> _WORK INSTRUCTIONS_
Return verbatim every line from the first line of the data below to the line that contains "The English Press 1621-1861 de Jeremy Black", inclusive, and no further.

START ENTRIES SHOWN

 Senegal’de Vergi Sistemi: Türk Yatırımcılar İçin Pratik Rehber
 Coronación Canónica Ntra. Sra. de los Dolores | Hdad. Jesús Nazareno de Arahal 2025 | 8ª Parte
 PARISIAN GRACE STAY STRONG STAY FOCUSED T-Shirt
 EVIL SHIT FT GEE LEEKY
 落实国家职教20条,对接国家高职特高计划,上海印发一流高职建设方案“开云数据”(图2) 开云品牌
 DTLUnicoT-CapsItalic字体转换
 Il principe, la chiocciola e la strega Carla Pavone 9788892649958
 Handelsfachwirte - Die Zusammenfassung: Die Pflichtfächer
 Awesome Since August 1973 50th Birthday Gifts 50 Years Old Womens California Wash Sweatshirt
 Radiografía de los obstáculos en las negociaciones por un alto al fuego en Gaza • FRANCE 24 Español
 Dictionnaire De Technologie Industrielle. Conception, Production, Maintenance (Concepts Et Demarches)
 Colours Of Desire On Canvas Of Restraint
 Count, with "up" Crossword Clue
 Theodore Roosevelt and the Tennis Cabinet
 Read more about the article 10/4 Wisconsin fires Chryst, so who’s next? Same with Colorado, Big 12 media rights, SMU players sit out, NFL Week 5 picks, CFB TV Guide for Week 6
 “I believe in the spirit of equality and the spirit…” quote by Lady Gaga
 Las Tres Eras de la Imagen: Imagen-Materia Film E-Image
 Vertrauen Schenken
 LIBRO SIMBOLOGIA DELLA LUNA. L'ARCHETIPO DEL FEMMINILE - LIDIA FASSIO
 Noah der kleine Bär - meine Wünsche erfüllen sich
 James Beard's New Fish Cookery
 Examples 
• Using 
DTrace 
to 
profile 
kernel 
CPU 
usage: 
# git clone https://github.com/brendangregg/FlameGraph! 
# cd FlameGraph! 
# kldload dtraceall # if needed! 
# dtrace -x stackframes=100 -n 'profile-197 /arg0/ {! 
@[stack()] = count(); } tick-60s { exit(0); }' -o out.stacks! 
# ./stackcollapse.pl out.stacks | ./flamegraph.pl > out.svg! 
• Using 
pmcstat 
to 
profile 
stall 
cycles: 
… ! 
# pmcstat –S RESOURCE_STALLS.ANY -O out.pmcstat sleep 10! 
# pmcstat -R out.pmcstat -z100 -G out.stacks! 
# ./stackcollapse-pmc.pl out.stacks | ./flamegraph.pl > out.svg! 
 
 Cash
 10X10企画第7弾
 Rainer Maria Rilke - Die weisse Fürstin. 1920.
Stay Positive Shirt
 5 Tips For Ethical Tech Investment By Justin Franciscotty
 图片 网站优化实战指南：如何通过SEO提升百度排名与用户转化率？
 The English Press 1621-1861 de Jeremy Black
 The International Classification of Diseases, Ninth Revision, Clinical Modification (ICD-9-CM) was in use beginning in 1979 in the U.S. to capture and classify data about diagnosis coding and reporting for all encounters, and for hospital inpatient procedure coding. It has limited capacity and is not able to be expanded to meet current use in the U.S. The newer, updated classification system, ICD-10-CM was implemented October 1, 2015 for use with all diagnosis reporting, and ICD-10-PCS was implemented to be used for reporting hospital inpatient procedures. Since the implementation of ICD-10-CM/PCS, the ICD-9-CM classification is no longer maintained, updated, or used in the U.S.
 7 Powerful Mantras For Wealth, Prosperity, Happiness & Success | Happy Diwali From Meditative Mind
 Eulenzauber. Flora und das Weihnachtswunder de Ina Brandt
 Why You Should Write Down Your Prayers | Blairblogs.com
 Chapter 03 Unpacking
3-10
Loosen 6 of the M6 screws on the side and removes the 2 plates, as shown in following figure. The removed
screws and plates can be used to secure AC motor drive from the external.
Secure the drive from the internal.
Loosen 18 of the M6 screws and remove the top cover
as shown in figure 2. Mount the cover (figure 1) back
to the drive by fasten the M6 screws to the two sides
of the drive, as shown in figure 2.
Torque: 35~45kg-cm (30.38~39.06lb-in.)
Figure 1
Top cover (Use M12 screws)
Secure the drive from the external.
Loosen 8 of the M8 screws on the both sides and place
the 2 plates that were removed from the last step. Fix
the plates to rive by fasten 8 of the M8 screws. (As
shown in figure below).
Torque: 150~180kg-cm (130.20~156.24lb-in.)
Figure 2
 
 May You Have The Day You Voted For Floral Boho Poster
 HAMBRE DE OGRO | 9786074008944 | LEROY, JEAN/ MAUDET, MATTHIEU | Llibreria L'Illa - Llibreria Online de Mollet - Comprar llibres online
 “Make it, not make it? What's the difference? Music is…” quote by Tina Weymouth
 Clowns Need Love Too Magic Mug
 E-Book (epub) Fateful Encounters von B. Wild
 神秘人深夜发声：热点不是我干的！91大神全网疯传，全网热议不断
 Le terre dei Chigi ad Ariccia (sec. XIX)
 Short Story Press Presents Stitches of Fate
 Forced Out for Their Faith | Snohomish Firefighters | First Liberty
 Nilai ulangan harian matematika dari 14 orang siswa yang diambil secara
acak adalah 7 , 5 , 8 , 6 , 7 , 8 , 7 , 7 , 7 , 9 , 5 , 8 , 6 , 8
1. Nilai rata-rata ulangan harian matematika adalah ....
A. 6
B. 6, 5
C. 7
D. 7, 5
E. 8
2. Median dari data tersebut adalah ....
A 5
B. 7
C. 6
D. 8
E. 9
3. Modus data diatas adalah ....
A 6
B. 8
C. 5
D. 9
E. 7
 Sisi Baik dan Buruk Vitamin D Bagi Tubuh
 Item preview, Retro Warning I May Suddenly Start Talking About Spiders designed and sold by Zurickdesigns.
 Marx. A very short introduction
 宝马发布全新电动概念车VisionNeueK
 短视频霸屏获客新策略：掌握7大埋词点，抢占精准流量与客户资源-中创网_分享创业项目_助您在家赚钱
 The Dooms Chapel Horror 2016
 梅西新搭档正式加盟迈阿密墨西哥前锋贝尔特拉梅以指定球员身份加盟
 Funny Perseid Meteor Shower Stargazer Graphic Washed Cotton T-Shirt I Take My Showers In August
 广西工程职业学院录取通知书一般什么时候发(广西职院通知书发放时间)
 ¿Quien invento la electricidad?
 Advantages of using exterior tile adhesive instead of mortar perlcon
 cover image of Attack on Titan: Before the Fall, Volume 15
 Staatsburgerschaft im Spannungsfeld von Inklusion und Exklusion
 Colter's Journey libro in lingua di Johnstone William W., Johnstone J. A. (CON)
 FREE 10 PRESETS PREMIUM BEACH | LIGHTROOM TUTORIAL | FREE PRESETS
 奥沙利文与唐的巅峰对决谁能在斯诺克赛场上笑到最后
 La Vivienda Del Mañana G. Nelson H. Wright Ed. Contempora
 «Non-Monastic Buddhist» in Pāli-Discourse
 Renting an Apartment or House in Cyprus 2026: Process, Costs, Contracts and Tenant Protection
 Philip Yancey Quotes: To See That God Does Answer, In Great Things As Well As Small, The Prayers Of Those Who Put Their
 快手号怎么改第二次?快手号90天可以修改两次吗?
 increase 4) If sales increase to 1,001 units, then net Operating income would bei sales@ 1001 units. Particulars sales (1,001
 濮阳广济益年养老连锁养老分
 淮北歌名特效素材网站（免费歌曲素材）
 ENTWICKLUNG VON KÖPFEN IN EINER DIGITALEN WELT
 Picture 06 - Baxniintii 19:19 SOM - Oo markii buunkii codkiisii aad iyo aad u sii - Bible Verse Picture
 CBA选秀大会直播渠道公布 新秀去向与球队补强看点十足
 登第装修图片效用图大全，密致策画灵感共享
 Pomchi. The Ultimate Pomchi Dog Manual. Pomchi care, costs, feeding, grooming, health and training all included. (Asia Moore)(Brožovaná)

END ENTRIES SHOWN

> _EXERCISE ANSWER_
 Senegal’de Vergi Sistemi: Türk Yatırımcılar İçin Pratik Rehber
 Coronación Canónica Ntra. Sra. de los Dolores | Hdad. Jesús Nazareno de Arahal 2025 | 8ª Parte
 PARISIAN GRACE STAY STRONG STAY FOCUSED T-Shirt
 EVIL SHIT FT GEE LEEKY
 落实国家职教20条,对接国家高职特高计划,上海印发一流高职建设方案“开云数据”(图2) 开云品牌
 DTLUnicoT-CapsItalic字体转换
 Il principe, la chiocciola e la strega Carla Pavone 9788892649958
 Handelsfachwirte - Die Zusammenfassung: Die Pflichtfächer
 Awesome Since August 1973 50th Birthday Gifts 50 Years Old Womens California Wash Sweatshirt
 Radiografía de los obstáculos en las negociaciones por un alto al fuego en Gaza • FRANCE 24 Español
 Dictionnaire De Technologie Industrielle. Conception, Production, Maintenance (Concepts Et Demarches)
 Colours Of Desire On Canvas Of Restraint
 Count, with "up" Crossword Clue
 Theodore Roosevelt and the Tennis Cabinet
 Read more about the article 10/4 Wisconsin fires Chryst, so who’s next? Same with Colorado, Big 12 media rights, SMU players sit out, NFL Week 5 picks, CFB TV Guide for Week 6
 “I believe in the spirit of equality and the spirit…” quote by Lady Gaga
 Las Tres Eras de la Imagen: Imagen-Materia Film E-Image
 Vertrauen Schenken
 LIBRO SIMBOLOGIA DELLA LUNA. L'ARCHETIPO DEL FEMMINILE - LIDIA FASSIO
 Noah der kleine Bär - meine Wünsche erfüllen sich
 James Beard's New Fish Cookery
 Examples 
• Using 
DTrace 
to 
profile 
kernel 
CPU 
usage: 
# git clone https://github.com/brendangregg/FlameGraph! 
# cd FlameGraph! 
# kldload dtraceall # if needed! 
# dtrace -x stackframes=100 -n 'profile-197 /arg0/ {! 
@[stack()] = count(); } tick-60s { exit(0); }' -o out.stacks! 
# ./stackcollapse.pl out.stacks | ./flamegraph.pl > out.svg! 
• Using 
pmcstat 
to 
profile 
stall 
cycles: 
… ! 
# pmcstat –S RESOURCE_STALLS.ANY -O out.pmcstat sleep 10! 
# pmcstat -R out.pmcstat -z100 -G out.stacks! 
# ./stackcollapse-pmc.pl out.stacks | ./flamegraph.pl > out.svg! 
 
 Cash
 10X10企画第7弾
 Rainer Maria Rilke - Die weisse Fürstin. 1920.
Stay Positive Shirt
 5 Tips For Ethical Tech Investment By Justin Franciscotty
 图片 网站优化实战指南：如何通过SEO提升百度排名与用户转化率？
 The English Press 1621-1861 de Jeremy Black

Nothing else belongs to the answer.